- [Information supplied]
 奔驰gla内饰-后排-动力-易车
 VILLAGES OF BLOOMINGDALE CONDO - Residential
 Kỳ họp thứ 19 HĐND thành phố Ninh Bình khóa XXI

- [Action item]
Every line above must be repeated exactly as it appears.

- [Result]
 奔驰gla内饰-后排-动力-易车
 VILLAGES OF BLOOMINGDALE CONDO - Residential
 Kỳ họp thứ 19 HĐND thành phố Ninh Bình khóa XXI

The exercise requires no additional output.